_TASK REQUIREMENTS_. Beginning with the line that holds "Argentina Amercia Flag" and ending with the last line below, repeat each line exactly, leaving any pictures out.

_STORED DATA_.
# # #

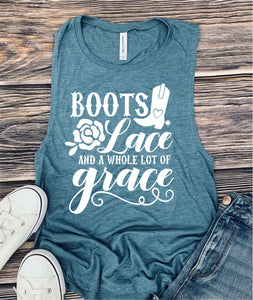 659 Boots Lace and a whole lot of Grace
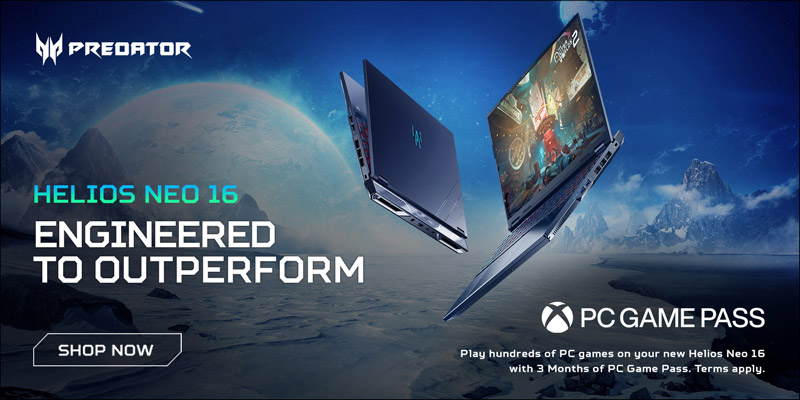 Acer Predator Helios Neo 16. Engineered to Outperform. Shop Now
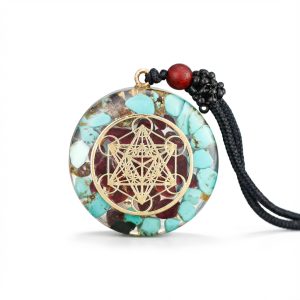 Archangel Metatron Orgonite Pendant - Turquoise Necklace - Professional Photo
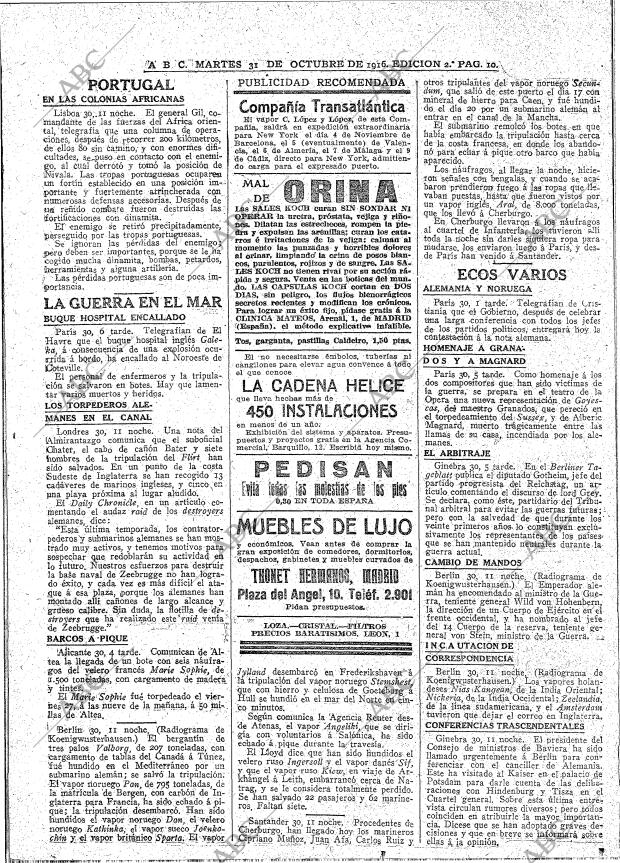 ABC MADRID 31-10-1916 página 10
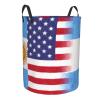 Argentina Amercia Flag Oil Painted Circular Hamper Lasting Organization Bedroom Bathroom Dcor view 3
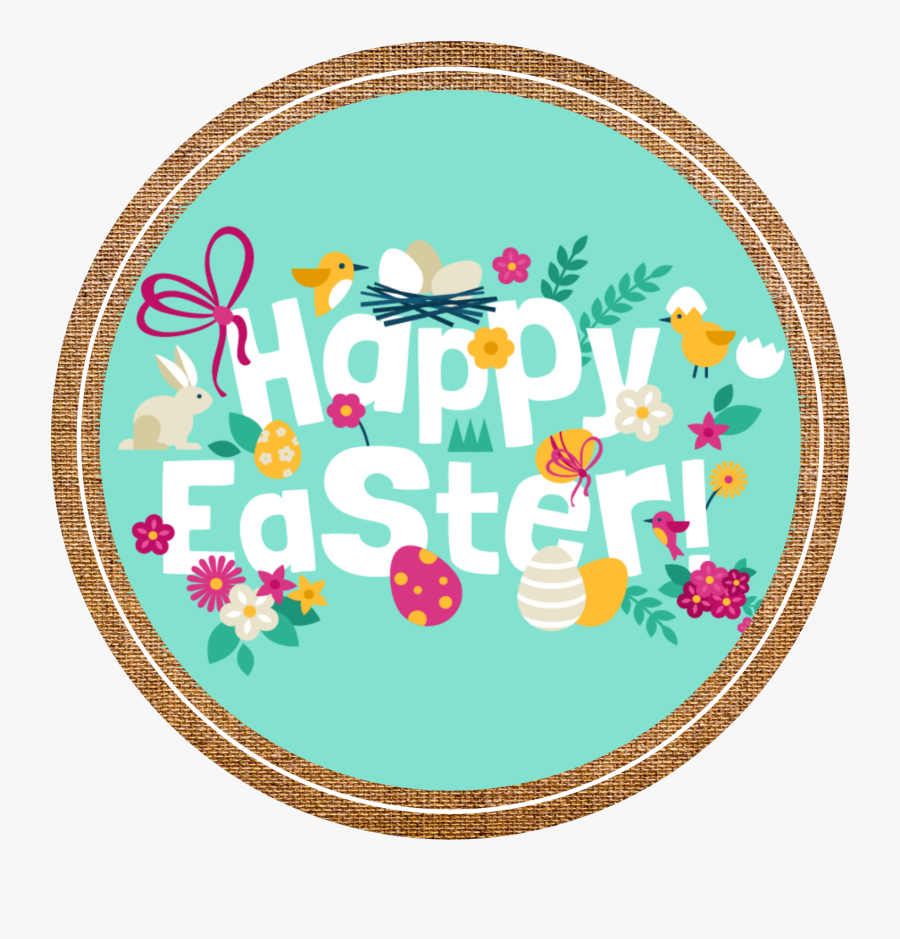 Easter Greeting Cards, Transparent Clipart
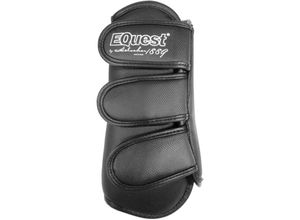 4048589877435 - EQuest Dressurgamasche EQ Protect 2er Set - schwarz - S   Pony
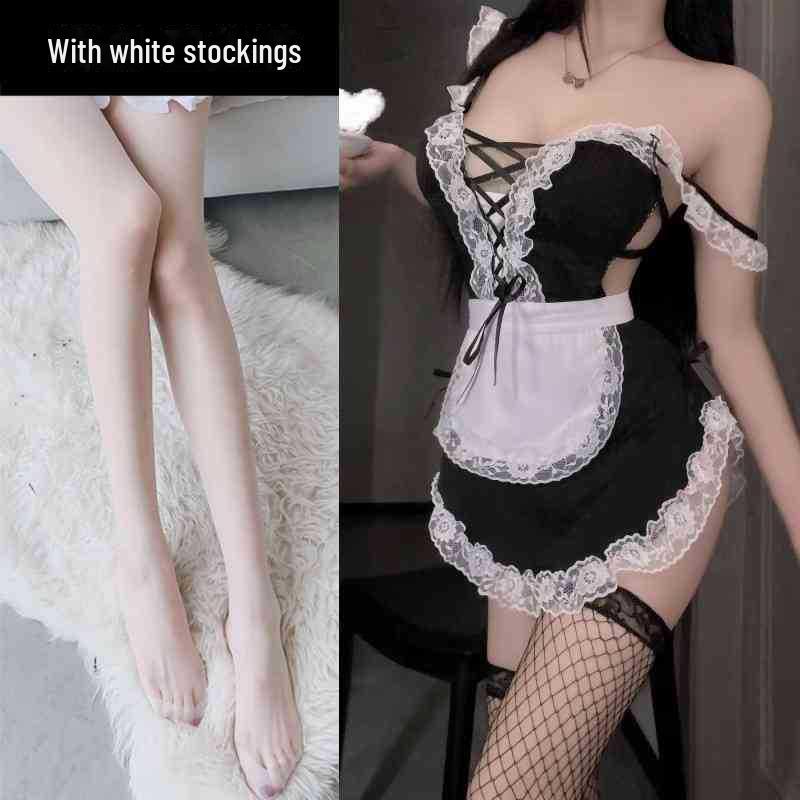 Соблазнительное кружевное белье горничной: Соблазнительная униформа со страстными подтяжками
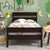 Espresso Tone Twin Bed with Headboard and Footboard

# # #

_SOLUTION FOR THIS PROBLEM_.
 Argentina Amercia Flag Oil Painted Circular Hamper Lasting Organization Bedroom Bathroom Dcor view 3
 Easter Greeting Cards, Transparent Clipart
 4048589877435 - EQuest Dressurgamasche EQ Protect 2er Set - schwarz - S   Pony
 Соблазнительное кружевное белье горничной: Соблазнительная униформа со страстными подтяжками
 Espresso Tone Twin Bed with Headboard and Footboard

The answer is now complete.